The Royal Air Force Air Cadets’ Honorary Ambassador hopes her next adventure will be an inspiration to cadets, particularly to an adventurous trio who are taking up a rowing challenge of their own.
Emma Wolstenholme, 40, is picking up her oars to race 2,000 miles around Great Britain’s coastline in June.
The ocean rower has an appetite for extreme adventure and has twice faced dramatic rescues on the high seas. The former 352 (Burnley) Sqn cadet is hoping it will be third time lucky on her next challenge and, if her team succeeds, they will be the first crew of six to have ever managed the feat.
Emma, from Burnley, Lancashire, said: “With every unsuccessful attempt comes the opportunity to learn and grow, and to become stronger.
“The most important thing for me on this row is to try to inspire as many Air Cadets as possible through our actions and hopefully complete the circumnavigation of Great Britain.”
Emma was also keen to highlight an Atlantic Row being planned by three Air Cadets who have named themselves as the Three Flying Fish.
CWO Rowan Dally, Cpl Anna Dunk and Sgt Matthew Busby are aiming to compete in the Talisker Whiskey Atlantic Challenge in 2025, which will involve rowing 3,000 miles from the Canary Islands to Antigua. The teenagers are aiming to raise £120,000 in sponsorship for the challenge, which would make them the youngest trio to ever row the Atlantic Ocean.
Emma said: “I'm really looking forward to helping the Three Flying Fish prepare for their Atlantic crossing in 2025. Having met them online, I can already tell they have what it takes; grit, resilience, and a sense of adventure - no doubt nurtured in them during their time as Air Cadets.
“They are highly driven individuals and work well as a team - I kind of wish I was joining them, ha ha!'
''They remind me of myself when I was their age - except I had never heard of ocean rowing. I love that they are following their dream and aiming high - the sky (or the ocean) is the limit.''
Emma herself is no stranger to bravery in the face of danger. Last year she attempted a gruelling transatlantic race rowing solo and unsupported, but due to catastrophic electrical failure on her 20 ft rowing boat she had to be rescued 500 miles off the coast of Africa in strong wind at night by the crew of a vast 210m cargo ship carrying 70,000 tonnes of paper.
She didn’t stop there.
A few months later, she embarked on a race to circumnavigate Great Britain in a five-person crew, but was hit by the worst storm in the Irish Sea in 38 years, which meant the team was forced to abandon the challenge half-way round.

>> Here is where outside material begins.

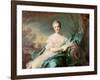 Victoire De France as the Element of Water, 1750-1-Jean-Marc Nattier-Framed Giclee Print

This year the former RAF Squadron Leader is attempting the GB Row Challenge again, skippering an all-female crew of six who’ll navigate complex tidal streams, shipping lanes and changeable weather to race 2,000 miles around Britain’s coastline.

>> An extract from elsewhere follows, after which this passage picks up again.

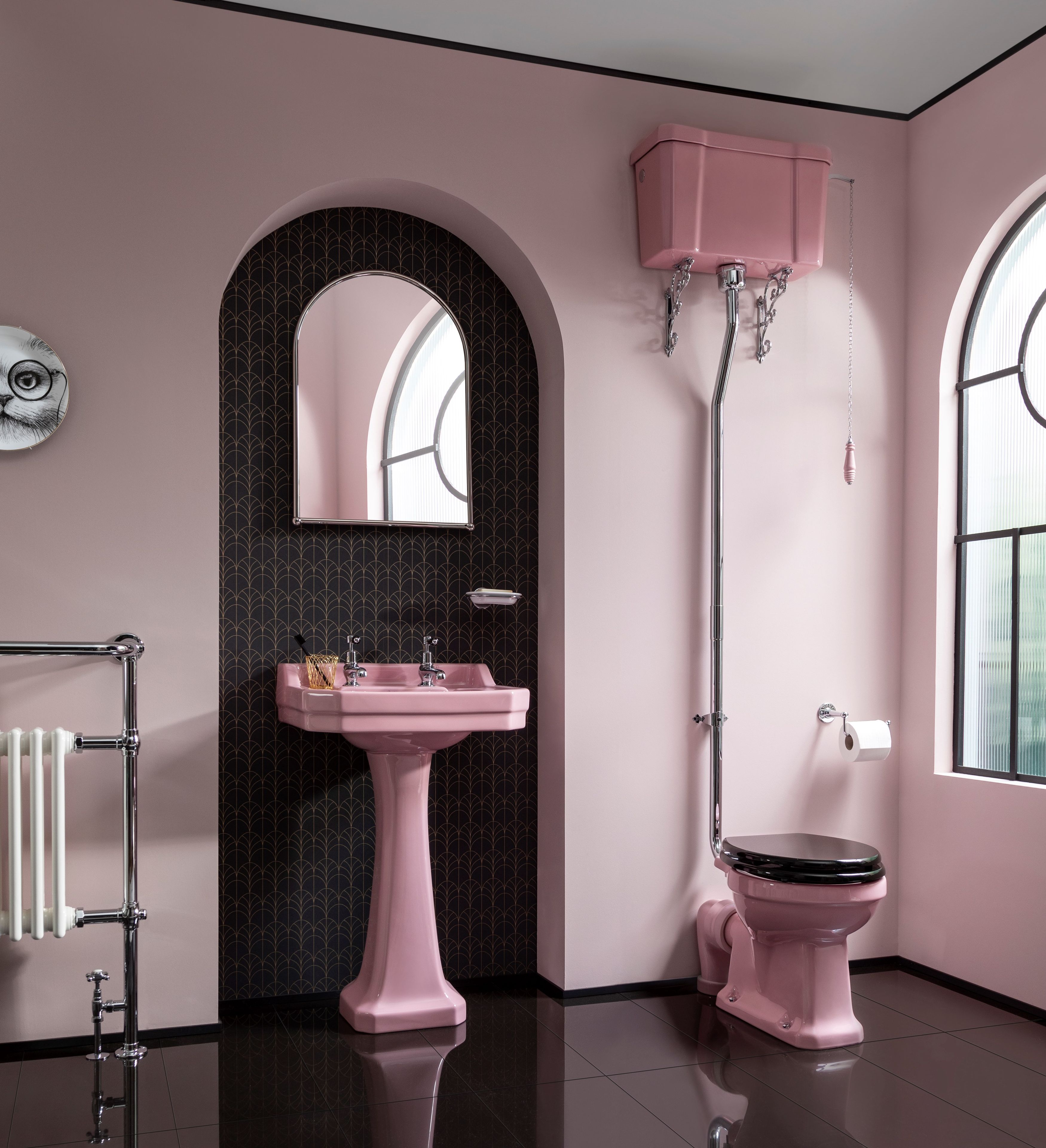 Напольный туалет с внешней кассетой Burlington На заказ ARCH-00043051 - Вид №1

Emma and her crew ‘Team Ithaca’ will row continuously and unsupported in shifts of two hours on and two hours off for two months.
She said: “I’m determined this will be third-time lucky and believe that with all the ocean rowing experience under my belt, I’m in a better place than ever to finish this challenge. I’ve also just completed my Coastal Skipper and Yachtmaster Offshore theory qualification.
“Contending with fast-turning tides, unpredictable UK weather, a rocky coastline and busy shipping areas, this is a greater test of navigation, seamanship and skill than trans-ocean rowing.”
The GB Row Challenge isn’t just about ocean rowing. It’s a challenge with a powerful sustainable purpose: Emma and crew will be collaborating with scientists to collect data on microplastics, temperature, noise pollution, and biodiversity.
The aim of the research is to build a picture of the many challenges facing British coastal waters. Gathering comprehensive and crucial data that will help preserve precious marine environments and wildlife.
Emma served in the RAF for 16 years and was the last woman out of Camp Bastion, Afghanistan, in 2014. After raising £91,000 for the RAF Air Cadets in 2022, she was made an honorary ambassador for the organisation.
She has also taught kitesurfing in the Western Sahara, taught women how to march in the Middle East, climbed Kilimanjaro in the rainy season in five days and represented Great Britain at Skeleton Bobsleigh in the Europa Cup.
As well as working on the future nuclear submarine programme and sailing from Iceland to Greenland in an all-female crew making a documentary about climate change, which was shown at COP26.
Team Ithaca will depart from Tower Bridge, London, at 3pm on Sunday 4 June for the GB Row Challenge 2023.